Mathematical induction

Kapitoly: What is a proof, Proof by contradiction, Mathematical induction

Mathematical induction is a frequently used method of proof in mathematics, most often when working with natural numbers or some other sequence.

Principle

The basic principle is that we prove a given statement for some first element, in natural numbers this is most often n = 1. We prove this by simple addition. In the next, inductive, step we prove the implication "if the statement holds for n = a, then it also holds for n = a + 1".

From these two steps, we can deduce that the expression holds for all n (from some set we are currently working with). Why is this so? At the beginning, we prove that the expression holds for n = 1. We also know that the expression holds for n = a and n = a + 1. So we choose a = 1. We know that the expression holds for a = 1, and we also know that it holds for a + 1 = 2. At this point, we know that the expression holds for a = 2. But since it holds for a + 1, it must also hold for 2 + 1 = 3. And so on.

The first example

The first example will be trivial. We will prove that if we add two to any even number, we get an even number again. Since we are dealing in natural numbers, we will write an even number in general as 2n, where n is a natural number. If we add any natural number after n, we get an even number in the result, this can be seen at a glance. Divisibility is written using a vertical line as follows:

$$2\mid2n$$

This notation indicates that two divides the expression 2n without remainder. Now that we can write divisibility, we can write what we have to prove by mathematical induction.

$$2\mid 2n+2; \quad n\in\mathbb{N}$$

This is what we are supposed to prove in the first example, that two divides the expression 2n + 2 - this is exactly what the original word problem says "if we add two to any even number, we get an even number again".

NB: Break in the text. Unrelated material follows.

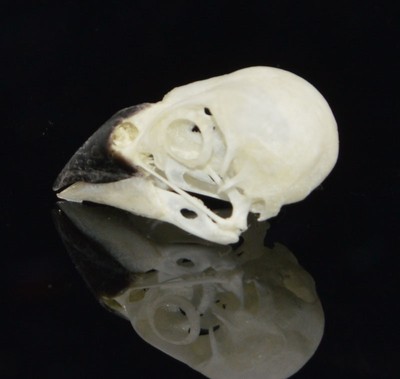 Real Bird Skull for sale | Only 3 left at -75%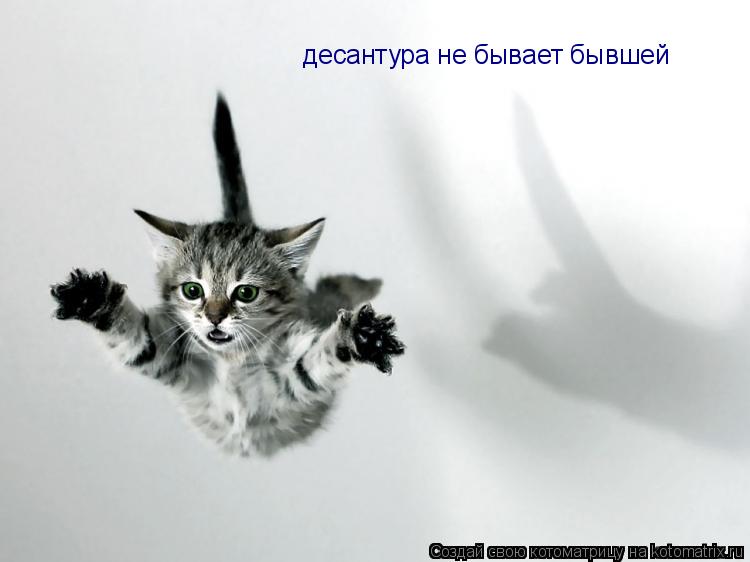 десантура не бывает бывшей... Котоматрица: десантура не бывает бывшей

In the first step of the induction we prove this for the first element, one. We plug in the expression n = 1:

$$\begin{eqnarray} 2&\mid& 2\cdot1+2\\ 2&\mid& 4 \end{eqnarray}$$

Two divides four with no remainder, so this is true for the first element. Next comes the induction step, where we have to prove that if it holds for the a-th element, then it also holds for the (a + 1) element. At the beginning we assume that our assumption holds, i.e. n = a:

$$2\mid2a+2$$

We assume this expression to be true - we use it in the construction of the proof. We now want to prove that

$$2\mid2(a+1)+2.$$

What have we done? Instead of a we wrote (a + 1). The parentheses are important, this expression would be wrong: 2a + 1 + 2. We don't add a one to the whole expression, but really make a an expression one greater, i.e. (a + 1). We modify the expression by multiplying the parentheses.

$$\begin{eqnarray} 2&\mid&2(a+1)+2\\ 2&\mid&2a+2+2
\end{eqnarray}$$

Now a little digression on divisibility. If we have two numbers, say p and q, that are divisible by some number, say r, then their sum is also divisible by r. Thus:

$$(r\mid p\wedge r\mid q)\Rightarrow r\mid (p+q)$$

We can put in, for example, the numbers p = 8, q = 20, and r = 4. We can see that four divides both eight and twenty. And so does their sum 8 + 20 = 28.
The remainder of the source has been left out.